We have set up a Flickr group where you can submit your images, we will import a slideshow that will show all submissions. Over to you Lola, (Foreword by Joanne Carter).
This week I am letting Ali Jardine teach us how she makes these wonderful magical images.(we previously published a similar article with Wayman Stairs, if you missed that you can read it here)
From the moment Ali got her first IPhone in 2009, she knew that iPhoneography was her passion. Today, she shoots and edits using her IPhone 5. It is a challenge that constantly pushes her to think in new ways and keeps her eyes open to the world around her. She has been featured in numerous blogs and publications, including National Geographic online, Leveled Magazine, KIOSK magazine and Le Nouvel Observateur. She has had work exhibited in Animazing Gallery in SoHo, NYC in March 2012, at the LA-MAF in Santa Monica Art Gallery, and was part of the Digital gallery at Macworld in San Francisco January 31-February 2, 2013. Her photo, Summer’s End; was recently named runner up in the Mobile Photography Awards. She also received honorable mentions on five other images. All will be shown at the SOHO Gallery for Digital Art February 22-28 2013, and Summer’s End; will go on the Mobile Photography Awards gallery tour.
You can see more of her work:
Ali Jardine Blog
Instagram
Twitter
Iphoneart
Facebook page
And now I will let her show us one of the steps she takes using PicShop.
When I am editing a photo that I haven’t planned out, the editing app PicShop is always a first choice to experiment with. It is very user friendly and has simple editing tools and a few filters.
For this photo, I wanted to give it more of a mysterious, fairytale feeling. The best way to give a photo a feeling is to focus on colors.
I opened the photo into PicShop, and went into the Edits category and clicked on Color. I played with the hue and saturation a bit. I liked the purple, it was soft and quiet, but the robust red was what I settled on. Color (or the lack of) is something that I consider with each photo that I edit. It will draw on the viewers emotion and speaks volumes about what you are trying to get across.
I used the straighten tool to straighten my horizon and then the fisheye tool to draw the eye back to the foggy opening, where surely something magical is waiting to happen.
Next, I used the Tilt & Shift tool horizontally to further take the viewer into the photo and then finally used the crop tool to square the photo.
Here is my finished image.
© Ali Jardine – ‘Come in’
Below you will find more examples of her work using PicShop.
© Ali Jardine
© Ali Jardine
© Ali Jardine
Wonderful images!

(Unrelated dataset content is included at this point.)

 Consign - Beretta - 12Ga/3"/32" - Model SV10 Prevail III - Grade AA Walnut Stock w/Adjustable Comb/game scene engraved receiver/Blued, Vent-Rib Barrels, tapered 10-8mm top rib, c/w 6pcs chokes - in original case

Thank you so much Ali Jardine for sharing this step. This is one app I really have never used. Off to practice I go. Hope you will too!
Please keep uploading into our Flickr group, there are wonderful images being posted.
In the next session I will talk about ‘experimentation’.
The App Nerds Flickr Group
Please remember to upload to our Flickr group, we are working on getting a slideshow going!
5 Comments
Geri
Beautiful work! Thanks for sharing your process!
Robert Lancaster
Thanks so much for the wonderful article.
I really do think now that I need to relook at PicShop.
Janine Graf
I love Ali’s work so much! Thank you for sharing! Off to check out PicShop now . . . 🙂
Janine Graf
Oh mercy, I just saw that PicShop is $4.99! Ali, do you think this is worth the price? I’m assuming you’ll say “yes” because you obviously do amazing work with this app. But golly, $4.99?? 🙂
Ali Jardine
Thank you, Geri and Robert! Thanks to you too, Janine:). Ouch, 4.99 is pretty steep. I can’t imagine that I paid that much for the app, I must have caught it on a sale day! It is a good app, but you can probably do the hue/ saturation work in a dozen other apps.